Former Navy Undersecretary: Trump’s $54 Billion Defense Proposal Not Enough for Naval Buildup
Fleet expansion would cost $25 billion a year for 30 years, CBO finds
The former undersecretary of the Navy said Wednesday that President Donald Trump’s proposal to increase the defense budget by $54 billion next year will not provide the service with enough money to meet the president’s goal of expanding the Navy’s fleet to 350 ships.
Janine Davidson, who has nearly 30 years of experience in military operations, said the Trump administration’s proposed 10 percent spike in defense spending for fiscal year 2018 will not solve the Navy’s readiness challenges, in large part because the current fleet is very outdated.
“We have a very long way to go. We have an enormous readiness problem in the Navy … that I think is going to be a lot harder to get out of than people realize,” Davidson said during an event at the conservative Hudson Institute in Washington, D.C. “While people are focused on building more, we have to at the same time be operating the Navy that we have.”
On the campaign trail, Trump echoed calls from Republican lawmakers and military experts to expand the Navy’s fleet from 274 ships to 350, which would mark the largest naval buildup since the Reagan administration.
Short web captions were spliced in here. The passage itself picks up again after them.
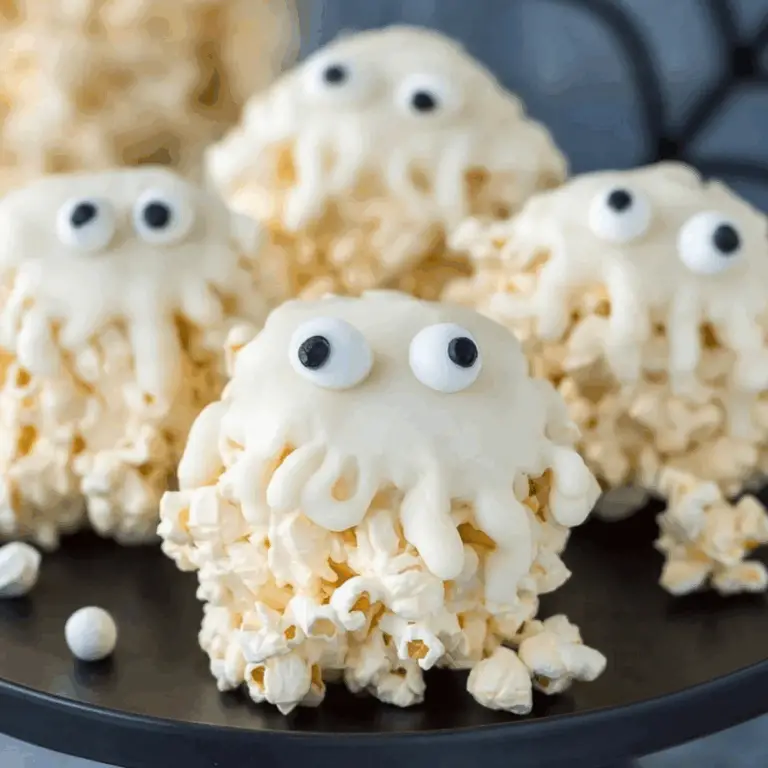 Ghost Marshmallow Popcorn Balls for Halloween party
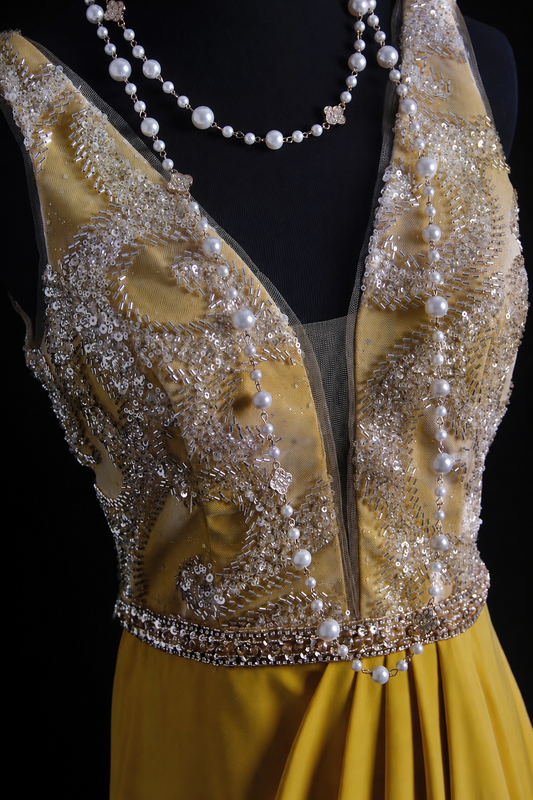 Golden Saffron Split Hem Gown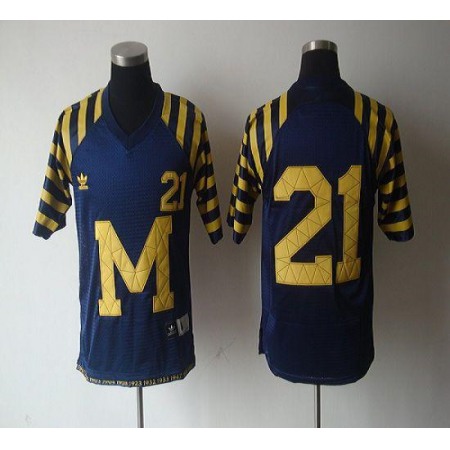 Wolverines #21 Desmond Howard Blue Under The Lights Stitched NCAA Jersey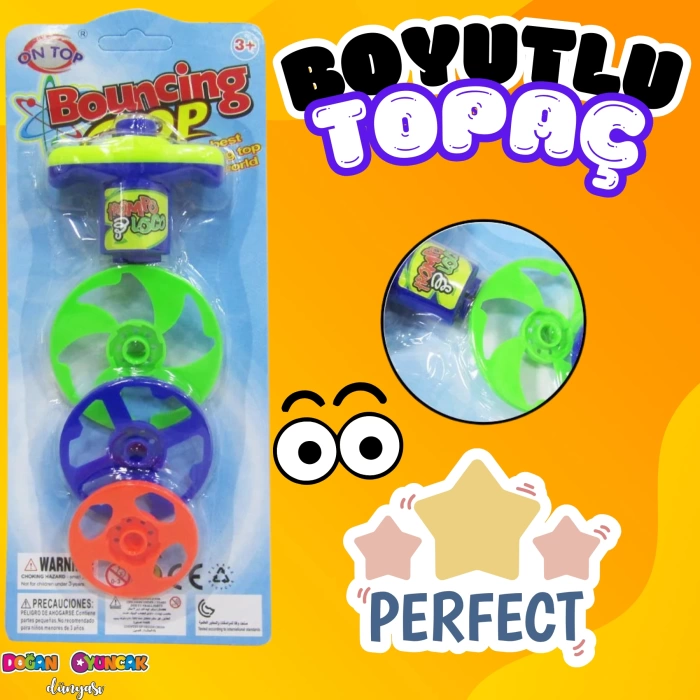 Üç Kademeli Yaylanabilen Topaç - Çocukluk Harikası Topaç - Oyuncak Topaç - Üst Üste Koyulabilen Topaç - Hızlı dönebilebilen Gyro Topaç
The proposal is just shy of the 355 ships requested by the Navy in December, and surpasses the service’s earlier goal of 308 ships.
Expanding the Navy to 350 ships would cost an estimated $25 billion a year over the next 30 years, or 60 percent above the historical average amount allocated for shipbuilding, the nonpartisan Congressional Budget Office projected in a January report.
The plan’s implementation is likely to face challenges given defense spending caps set by the 2011 Budget Control Act, which is scheduled to remain in effect through 2021. Congressional Republicans can repeal the bill, but divisions within the party about how to reduce the deficit will likely complicate the process.
Davidson said costs to rebuild and expand the naval fleet have drastically increased because of sequestration and the failure to invest over time in sustainment programs.
“I think that people are probably a little sticker shocked by how much it actually costs to operate our Navy, how much it actually costs to go to war,” Davidson said. “We’ve been operating at full-throttle since 9/11, even before that, and our planes are broken, our ships are old, and people don’t talk about that as much.”
Bryan Clark, a senior fellow at the Center for Strategic and Budgetary Assessments, said the United States’s overuse of its shrinking Navy has caused serious backlogs in needed maintenance.
For the past two decades, the United States has deployed 100 ships continuously at sea, despite a smaller fleet. As a result, the Navy has been forced to deploy ships more frequently and for longer periods of time.
In 1998, only 4 percent of ship deployments lasted longer than six months. Today, every single deployment is longer than six months. Clark said this has caused many of the Navy’s ships to skip maintenance, compounding problems the service faces today.
“The reason we’ve been unable to do the maintenance is because everybody’s out there getting deployed,” Clark said at the Hudson Institute. “We need to keep ships in port, we need to get the F-18s back into the depots.”
The administration has not yet detailed what types of ships would be added to the fleet in the proposed expansion. Clark said the Navy has requested additional submarines, surface ships, and amphibious ships.
Trump is expected to submit a budget blueprint to Congress on March 13.